Step 1: Pre-visualize the arch
Import your video to Photoshop. Create a new layer, and then paint an arch on it as shown. The color-coding makes it a lot easier to reference objects when the painting is later exported to modo. Create a blank layer on top of your painting. Then copy the painting of the arch to the clipboard, hide this layer, and highlight the blank layer on the Layers palette.
Step 2: Export the arch painting to DXF from Vanishing Point
Choose Filter > Vanishing Point. Create your first plane so it’s in the correct perspective for the underlying video layer. Extend the right side of the first plane. Press Ctrl/Cmd + V to paste the arch into the perspective planes. Then drag the pasted bitmap into the perspective planes. Move it around until the colored sides are in the right places. Choose Export to 3DS or DXF (see your modeler’s documentation) and then put the saved file in a folder you can easily find later. Name the file Arch.3ds or Arch.dxf.

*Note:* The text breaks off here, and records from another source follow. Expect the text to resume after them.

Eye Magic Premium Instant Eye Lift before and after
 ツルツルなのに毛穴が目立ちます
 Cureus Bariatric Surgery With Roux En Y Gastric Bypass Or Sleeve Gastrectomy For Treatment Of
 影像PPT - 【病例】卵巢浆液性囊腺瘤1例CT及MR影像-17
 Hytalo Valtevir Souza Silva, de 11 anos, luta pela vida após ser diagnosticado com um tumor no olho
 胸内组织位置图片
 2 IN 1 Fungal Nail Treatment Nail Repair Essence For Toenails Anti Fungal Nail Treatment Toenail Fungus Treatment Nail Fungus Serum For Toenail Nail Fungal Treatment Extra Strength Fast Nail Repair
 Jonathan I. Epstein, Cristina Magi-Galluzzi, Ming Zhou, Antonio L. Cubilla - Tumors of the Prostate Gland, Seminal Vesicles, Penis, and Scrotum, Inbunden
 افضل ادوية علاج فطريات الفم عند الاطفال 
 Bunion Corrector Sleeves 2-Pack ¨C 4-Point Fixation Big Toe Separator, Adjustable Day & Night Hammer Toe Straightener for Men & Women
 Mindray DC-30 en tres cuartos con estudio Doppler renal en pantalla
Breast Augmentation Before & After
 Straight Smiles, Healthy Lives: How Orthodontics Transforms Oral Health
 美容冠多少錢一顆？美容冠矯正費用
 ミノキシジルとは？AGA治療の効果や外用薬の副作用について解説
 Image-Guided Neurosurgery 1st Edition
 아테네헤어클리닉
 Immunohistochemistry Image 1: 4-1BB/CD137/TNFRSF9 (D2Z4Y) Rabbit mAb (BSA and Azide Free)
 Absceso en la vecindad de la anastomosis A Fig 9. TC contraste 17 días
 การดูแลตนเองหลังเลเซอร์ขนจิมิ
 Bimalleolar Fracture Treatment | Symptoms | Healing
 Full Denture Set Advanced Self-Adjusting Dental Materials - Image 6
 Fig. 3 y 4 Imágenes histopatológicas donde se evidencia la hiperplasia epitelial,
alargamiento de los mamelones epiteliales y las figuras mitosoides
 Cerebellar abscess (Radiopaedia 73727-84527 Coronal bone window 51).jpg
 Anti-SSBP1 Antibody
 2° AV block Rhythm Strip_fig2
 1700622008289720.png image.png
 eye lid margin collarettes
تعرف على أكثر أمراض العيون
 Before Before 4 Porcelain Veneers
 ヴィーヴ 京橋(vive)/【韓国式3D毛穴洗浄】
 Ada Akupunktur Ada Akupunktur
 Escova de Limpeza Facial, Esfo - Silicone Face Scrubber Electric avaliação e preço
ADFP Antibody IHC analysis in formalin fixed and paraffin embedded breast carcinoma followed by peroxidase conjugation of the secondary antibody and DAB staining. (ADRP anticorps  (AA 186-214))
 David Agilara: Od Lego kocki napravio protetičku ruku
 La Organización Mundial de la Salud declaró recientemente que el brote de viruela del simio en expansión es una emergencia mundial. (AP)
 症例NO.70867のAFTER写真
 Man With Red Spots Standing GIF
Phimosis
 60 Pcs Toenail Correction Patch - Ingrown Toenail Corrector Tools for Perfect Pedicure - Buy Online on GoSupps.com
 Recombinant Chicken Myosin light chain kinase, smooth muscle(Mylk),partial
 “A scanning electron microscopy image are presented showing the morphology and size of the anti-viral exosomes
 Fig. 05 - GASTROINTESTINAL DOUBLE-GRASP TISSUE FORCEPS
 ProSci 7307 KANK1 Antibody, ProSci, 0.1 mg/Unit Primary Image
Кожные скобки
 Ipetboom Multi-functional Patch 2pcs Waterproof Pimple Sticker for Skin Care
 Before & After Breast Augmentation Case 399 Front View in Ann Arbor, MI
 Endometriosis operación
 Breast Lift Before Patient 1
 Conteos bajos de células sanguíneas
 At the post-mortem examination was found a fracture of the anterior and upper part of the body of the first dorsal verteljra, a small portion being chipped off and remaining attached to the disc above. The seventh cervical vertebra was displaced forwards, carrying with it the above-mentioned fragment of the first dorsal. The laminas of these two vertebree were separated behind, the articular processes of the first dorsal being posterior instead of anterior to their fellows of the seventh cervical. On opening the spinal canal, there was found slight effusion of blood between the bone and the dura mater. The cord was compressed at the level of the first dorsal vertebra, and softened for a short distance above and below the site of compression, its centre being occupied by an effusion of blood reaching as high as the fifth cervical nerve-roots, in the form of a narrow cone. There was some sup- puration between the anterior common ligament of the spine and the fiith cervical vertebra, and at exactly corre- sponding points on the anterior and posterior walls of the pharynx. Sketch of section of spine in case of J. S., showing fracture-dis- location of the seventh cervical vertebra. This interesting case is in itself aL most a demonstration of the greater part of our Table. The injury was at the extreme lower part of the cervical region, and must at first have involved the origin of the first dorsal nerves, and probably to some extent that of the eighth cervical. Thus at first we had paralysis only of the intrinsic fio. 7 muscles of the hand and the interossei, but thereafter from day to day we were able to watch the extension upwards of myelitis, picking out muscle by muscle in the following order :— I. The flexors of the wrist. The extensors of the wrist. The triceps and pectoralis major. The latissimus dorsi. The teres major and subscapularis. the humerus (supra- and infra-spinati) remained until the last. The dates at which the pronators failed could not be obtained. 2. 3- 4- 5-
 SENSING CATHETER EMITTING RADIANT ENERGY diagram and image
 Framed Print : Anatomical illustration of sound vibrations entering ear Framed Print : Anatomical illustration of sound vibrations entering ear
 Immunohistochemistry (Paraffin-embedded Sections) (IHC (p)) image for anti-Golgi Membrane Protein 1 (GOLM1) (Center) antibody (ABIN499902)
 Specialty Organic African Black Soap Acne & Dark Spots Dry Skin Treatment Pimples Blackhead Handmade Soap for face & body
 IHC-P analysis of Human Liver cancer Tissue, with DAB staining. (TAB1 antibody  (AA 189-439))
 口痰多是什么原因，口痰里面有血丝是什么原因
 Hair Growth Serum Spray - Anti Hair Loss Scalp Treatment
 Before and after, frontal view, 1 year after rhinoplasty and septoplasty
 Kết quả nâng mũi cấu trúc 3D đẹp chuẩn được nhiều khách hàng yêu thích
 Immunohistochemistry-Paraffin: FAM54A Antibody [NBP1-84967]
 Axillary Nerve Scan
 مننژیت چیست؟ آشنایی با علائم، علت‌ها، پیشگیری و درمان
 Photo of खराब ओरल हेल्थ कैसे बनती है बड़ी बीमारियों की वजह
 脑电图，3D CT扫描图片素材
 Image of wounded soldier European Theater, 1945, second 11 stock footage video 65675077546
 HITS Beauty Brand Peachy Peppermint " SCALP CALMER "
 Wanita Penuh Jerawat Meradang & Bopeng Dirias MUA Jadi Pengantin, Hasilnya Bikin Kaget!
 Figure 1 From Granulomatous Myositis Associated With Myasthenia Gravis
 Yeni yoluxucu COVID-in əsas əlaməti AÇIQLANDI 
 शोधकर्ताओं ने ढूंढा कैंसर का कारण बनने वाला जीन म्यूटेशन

Step 3: Build a model in modo from an exported model
Bring the Photoshop model into modo and then build over the imported Photoshop model. Don’t worry: the proportions will be correct because they were correct in Photoshop. You might need to edit the texture maps for the components of the Photoshop exported 3DS or DXF file because Vanishing Point occasionally ignores transparency in PNGs. Bring them into Photoshop, erase superfluous image areas, and then save to PNG by unchecking the Save As Copy checkbox to force Photoshop to write transparency into the PNG file. Next, overwrite the PNGs that Vanishing Point wrote to keep the file names intact. You can now see that the arch is made up of two flat planes with the texture files applied correctly.
Step 4: Use your modeling skills
You’ll want to match the camera angle to the video scene. Often, this can be done by eye, by cool switching between the video footage displayed in Photoshop and modo’s workspace. At this point the arch is mostly made up of extrudes, and the pillars are a simple spline, a helix shape that I treated with Radial Sweep. You can experiment with different treatments. I used a dull marble texture to cover the arch model, then lit the scene to match the video clip. Finally, render the file to PNG format with transparency.
Step 5: Move into video layers in photoshop
Drag the layer entry on the Layers palette for the arch into the video document window to duplicate it and then position it. Choose Layer > Video Layers > New Blank Video Layer. Unlike normal layers, video layers change over time. When you paint and clone them, your painting will disappear in the following video frame. Move the thumb on the Animation palette to the point in time when the arch clearly violates the foreground object (the green van in this example), and click the bottom video layer on the Layers palette. This is the layer from which you’ll clone.
Step 6: Using clone source
Alt/Opt + click on an area where the pillar intrudes on the green van. It’s okay that you can’t see the target sampling point on the van. Photoshop can clone from one layer to a different one, even when you can’t clearly see the content of the source layer. Click the top video layer title to make it the current editing layer. On the Options bar, set the Clone Stamp brush size to 9 pixels diameter and make sure Current Layer is the Sample drop-down choice.
Hover your cursor before stroking and check Clone Source palette to make sure that X and Y Offset and Frame Offset are all at 0. You’ll want to clone the green van, matching position and frame number, at points in the video where the arch intrudes over it.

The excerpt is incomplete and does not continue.